The Tokyo shrine honours Japan's 2.5 million war dead, including some executed and declared war criminals by an Allied tribunal.
 
Visits to the shrine by Junichiro Koizumi, Abe's predecessor, was a source of diplomatic tension with China and South Korea.
 
Taro Aso, Japan's foreign minister, said he did not expect any diplomatic fallout as a result of Abe's gesture.
 
"I don't think it really matters," he said.
 
China's foreign ministry had no immediate comment.
 
Mending ties
 
Abe has worked hard to mend relations with China that were ruptured by Koizumi's repeated visits to Yasukuni, a visit he has avoided making since taking office.
 
Abe, right, hosted Wen Jiabao in Tokyo last
month in a sign of warming relations [Reuters]

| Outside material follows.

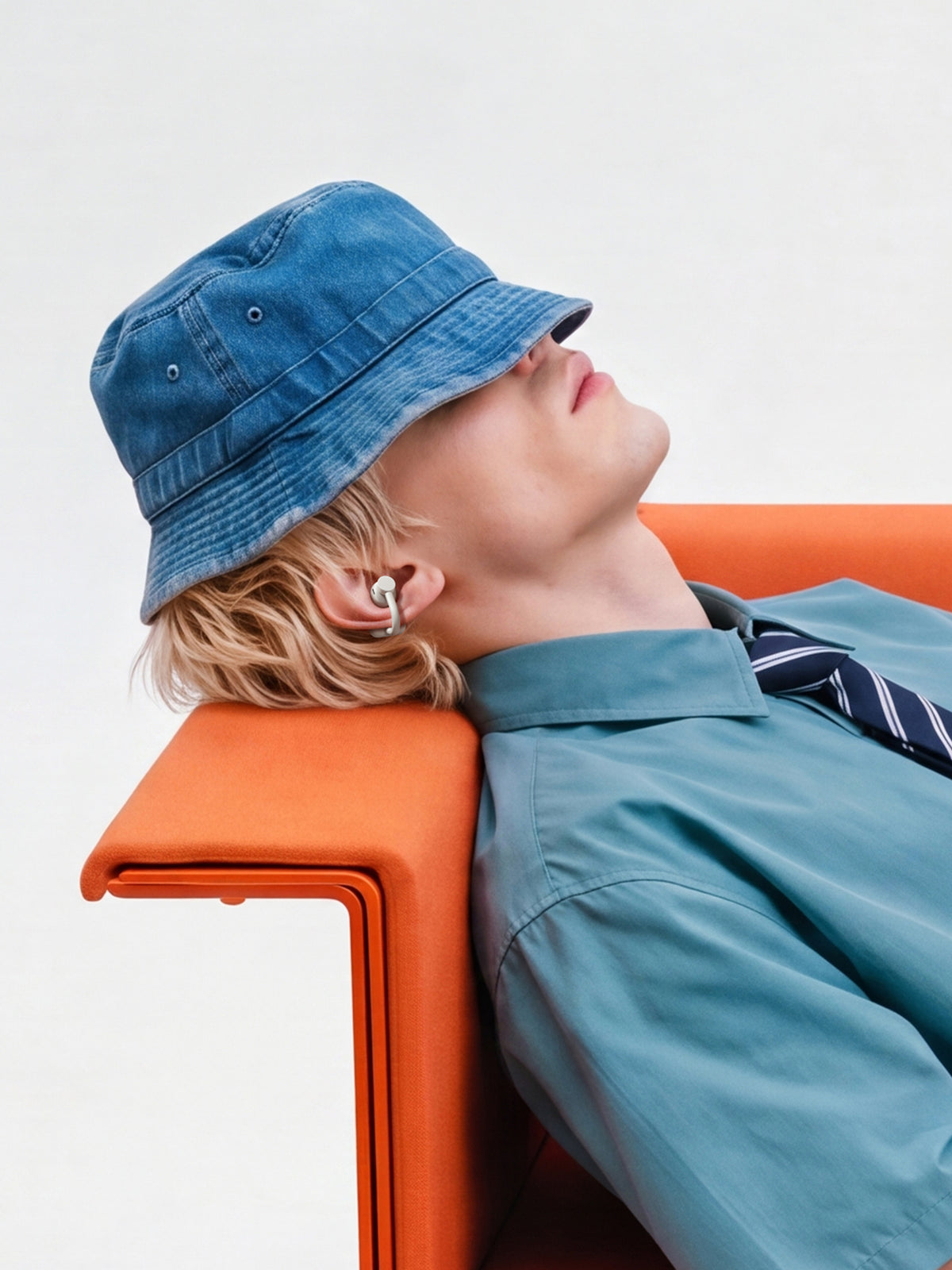 A man in a bucket hat reclining against an orange chair with a Light Grey clip earbud visible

Beijing has repeatedly pressed him not to visit it as a demonstration of Japan's remorse for its militaristic past.
 
Yasuhisa Shiozaki, a government spokesman, acknowledged the media reports but said he had not heard directly from Abe about the visit.
 
"The government will refrain from commenting on a matter that involves the thoughts and feelings of the prime minister as a private citizen," he added.
 
Abe has regularly prayed there in the past and reportedly made a secret trip as chief cabinet secretary just before the shrine's main spring festival last year.
 
Abe, who has kept mum on whether he will visit as prime minister, has reportedly said he will stay away from the shrine until at least July in a bid to improve ties with China.
 
Last month, Abe hosted a visit to Japan by Wen Jiabao, the Chinese premier, signalling a warming in relations.